En el 23 de Enero, narra el entrevistado anónimo, hubo personas inocentes que quedaron en medio del fuego entre las fuerzas armadas institucionalistas y las organizaciones de extrema izquierda que operaban, y aún lo hacen, en ese sector. Estos grupos de paramilitares usaron los apartamentos de familias del 23 de Enero “como abrigo y encubrimiento” para atacar las fuerzas armadas que estaban allí para restablecer el orden.
“Era de madrugada, aún faltaba más de una hora para amanecer. Los militares recibieron la orden de reducir a los insurrectos que estaban enconchados en varios bloques del 23 de Enero. Eran civiles miembros de bandas autodenominadas ‘revolucionarias’, de las que hoy integran los colectivos, que participaban en la insurrección. Perseguidos por las fuerzas armadas, se metieron en los bloques. Se suponían que bajarían seguidos por la multitud, pero al no lograr esto optaron por secuestrar a la gente en sus casas”, sigue X.

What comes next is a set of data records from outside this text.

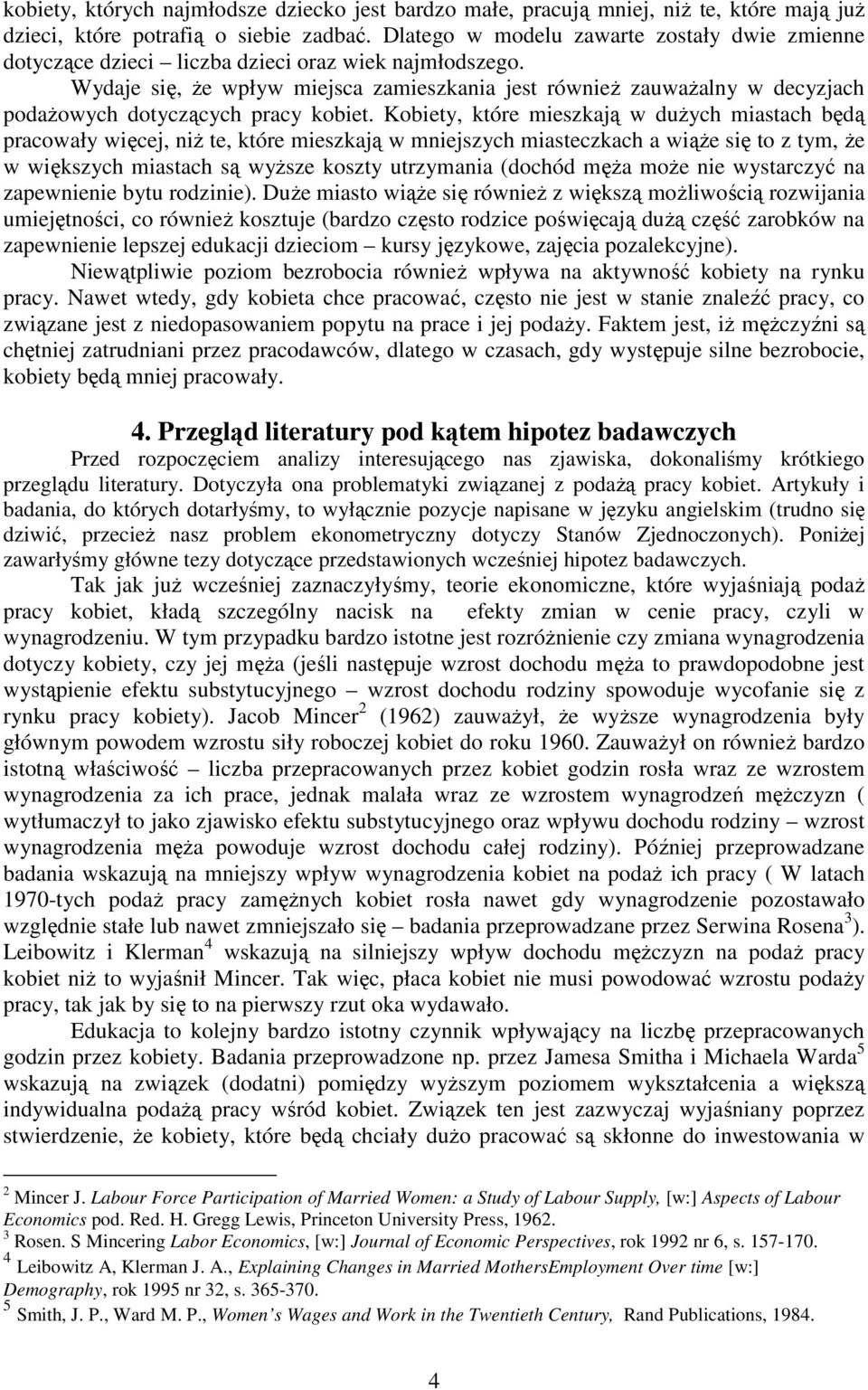 Wydaje się, Ŝe wpływ miejsca zamieszkania jest równieŝ zauwaŝalny w decyzjach podaŝowych dotyczących pracy kobiet.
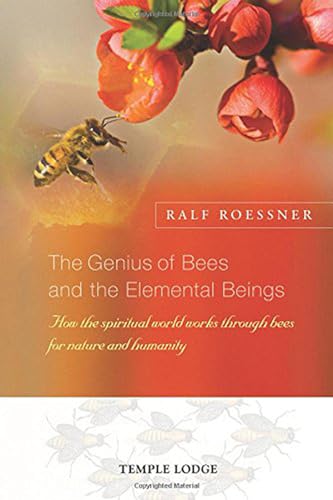 The Genius of Bees and the Elemental Beings: How the Spiritual World Works Through Bees for Nature and Humanity von Temple Lodge Publishing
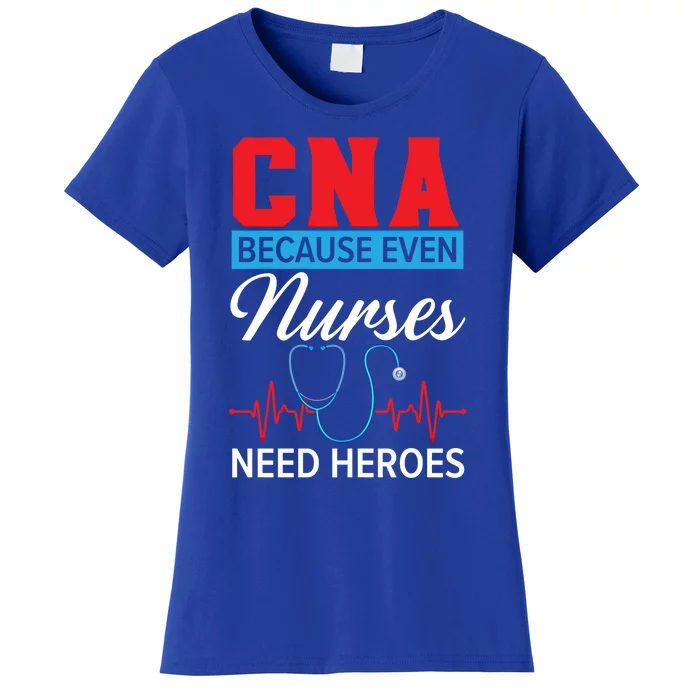 Cna Because Even Nurses Need Heroes Nursing Assistant Gift Women's T-Shirt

Los insurrectos disparaban desde las ventanas. Se oían gritos, llanto, gente que pedía que se fueran los militares porque los tenían amenazados en los apartamentos. Desde allí lanzaron dos granadas, que mataron a dos soldados y cuatro civiles que estaban afuera. Después de varias horas de intercambio de disparos, una unidad de las fuerzas armadas entró en uno de esos bloques para terminar de una vez con aquella situación.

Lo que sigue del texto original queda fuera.